::: DATA FOR REVIEW

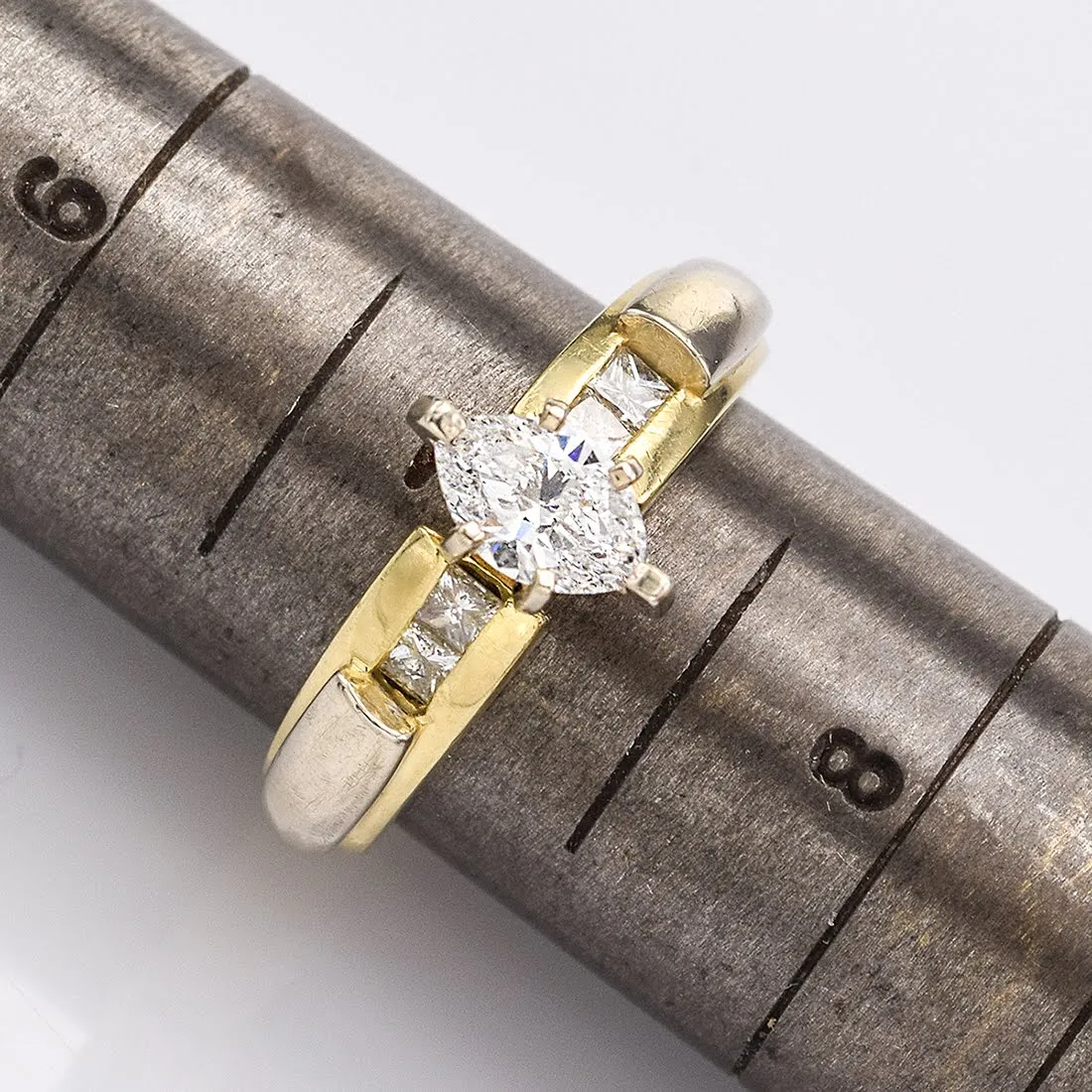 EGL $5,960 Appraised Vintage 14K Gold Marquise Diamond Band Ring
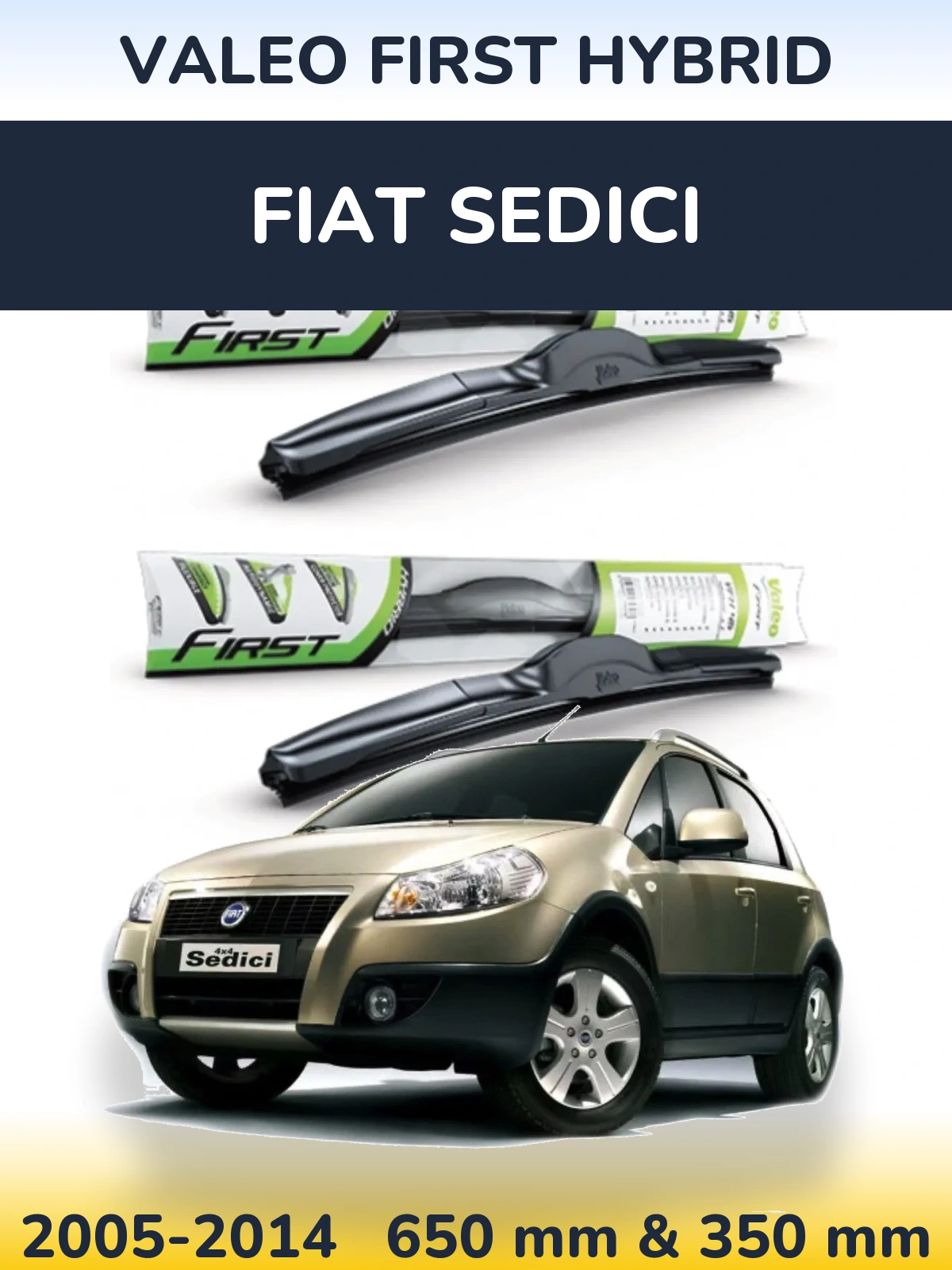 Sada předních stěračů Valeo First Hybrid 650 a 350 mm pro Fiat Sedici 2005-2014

::::::
::: DATA FOR REVIEW

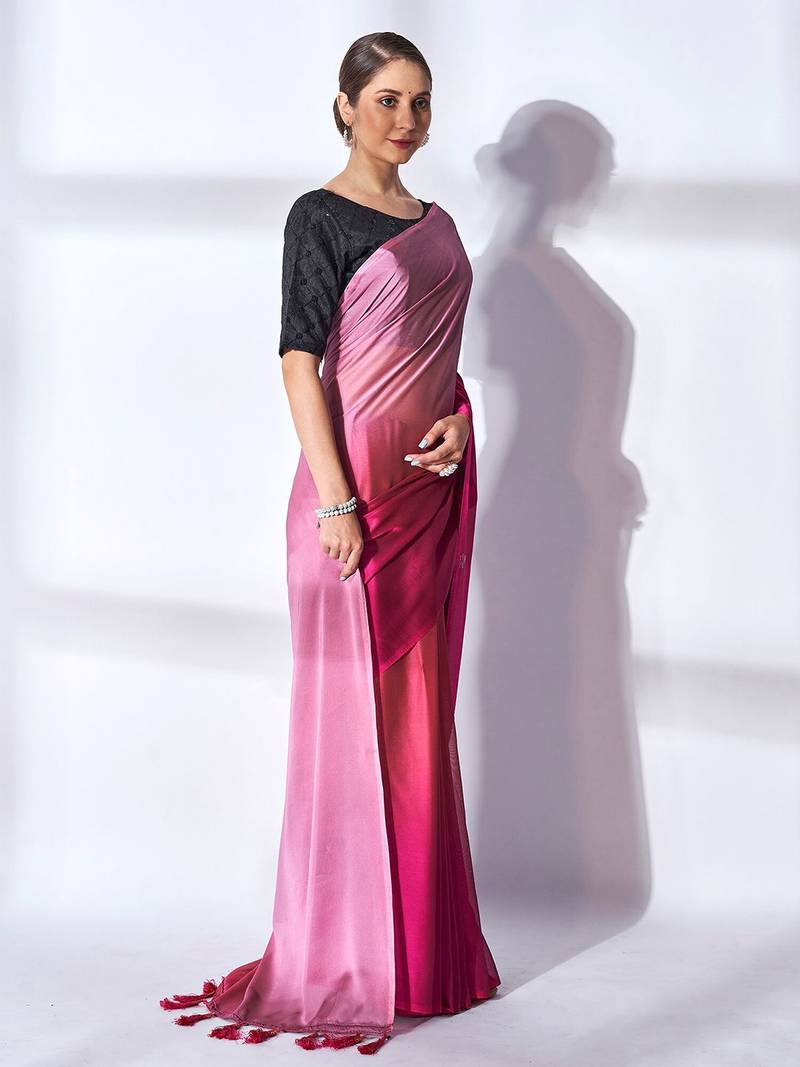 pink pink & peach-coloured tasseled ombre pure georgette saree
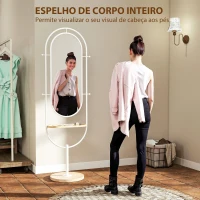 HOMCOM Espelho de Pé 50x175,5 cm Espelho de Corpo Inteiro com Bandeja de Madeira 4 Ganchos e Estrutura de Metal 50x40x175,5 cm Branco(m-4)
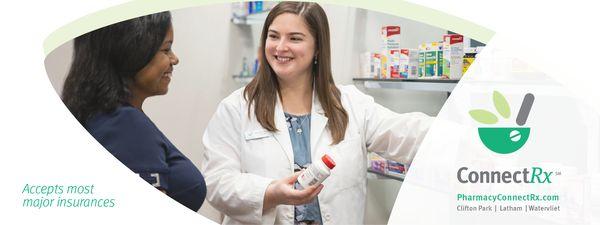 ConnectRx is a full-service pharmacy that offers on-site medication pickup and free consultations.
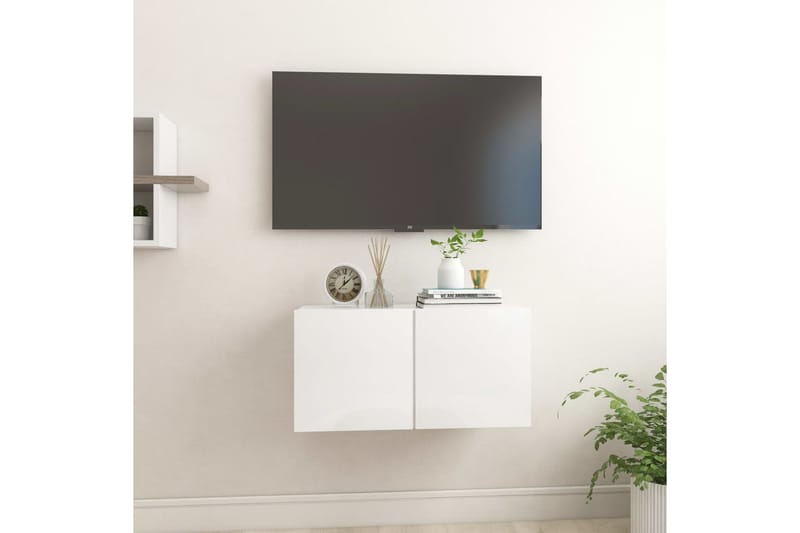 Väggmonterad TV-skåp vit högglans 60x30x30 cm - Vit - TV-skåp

::::::

* _ACTIVITY_
Transcribe, word for word, the lines of the listing above from the one that contains "HOMCOM Espelho de" through the one that contains "Väggmonterad TV-skåp vit", keeping both ends and dropping the pictures.

* _ANSWER BOX_
 HOMCOM Espelho de Pé 50x175,5 cm Espelho de Corpo Inteiro com Bandeja de Madeira 4 Ganchos e Estrutura de Metal 50x40x175,5 cm Branco(m-4)
 ConnectRx is a full-service pharmacy that offers on-site medication pickup and free consultations.
 Väggmonterad TV-skåp vit högglans 60x30x30 cm - Vit - TV-skåp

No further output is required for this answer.